[[ The data open ]]

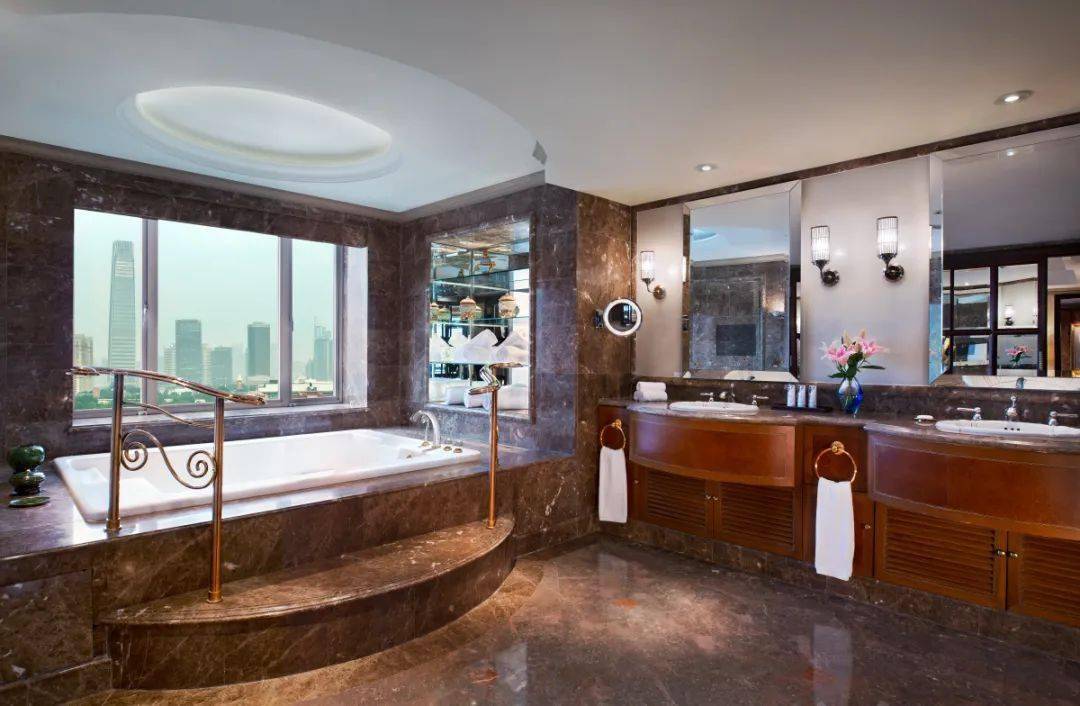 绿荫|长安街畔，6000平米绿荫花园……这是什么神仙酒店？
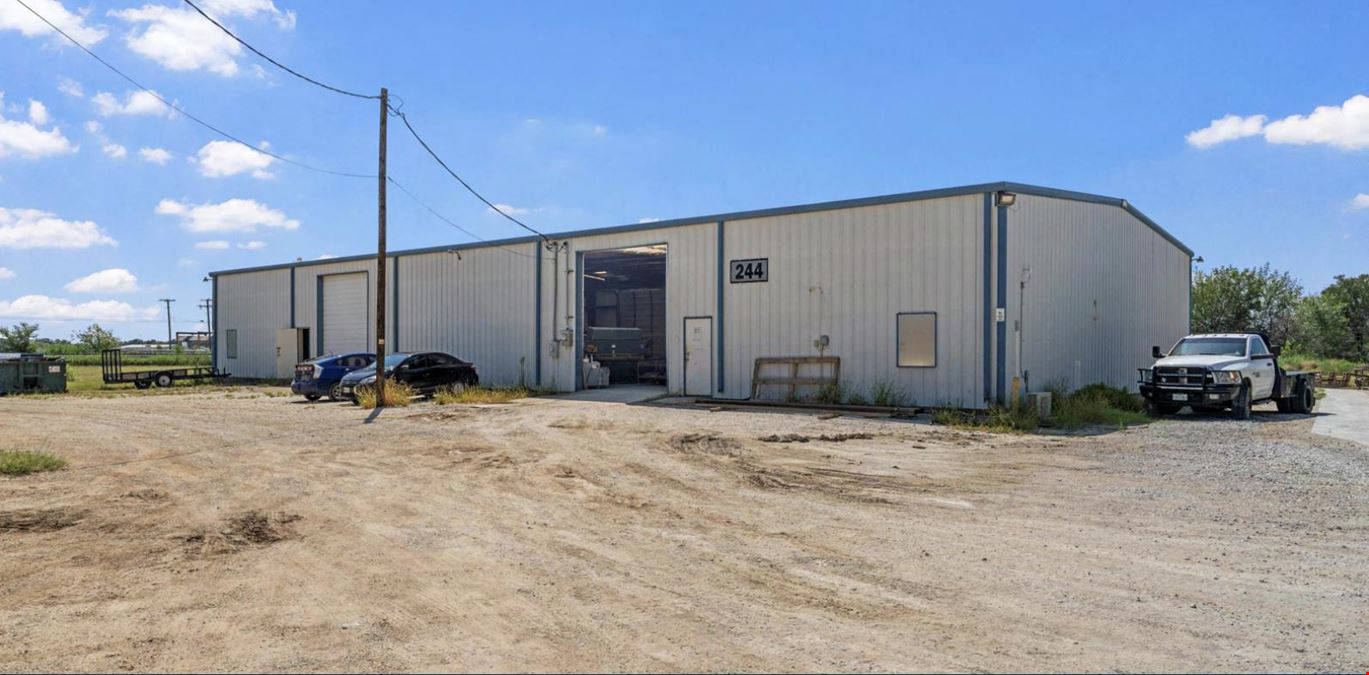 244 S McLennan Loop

[[ The data closed ]]
[[ The data open ]]

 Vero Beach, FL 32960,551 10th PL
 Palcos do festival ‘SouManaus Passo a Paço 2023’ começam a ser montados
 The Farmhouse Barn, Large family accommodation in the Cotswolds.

[[ The data closed ]]

(Your assignment): From the listing above, output exactly the run of lines that starts with the line containing "Palcos do festival" and ends with the line containing "The Farmhouse Barn, Large".

(Answer):
 Palcos do festival ‘SouManaus Passo a Paço 2023’ começam a ser montados
 The Farmhouse Barn, Large family accommodation in the Cotswolds.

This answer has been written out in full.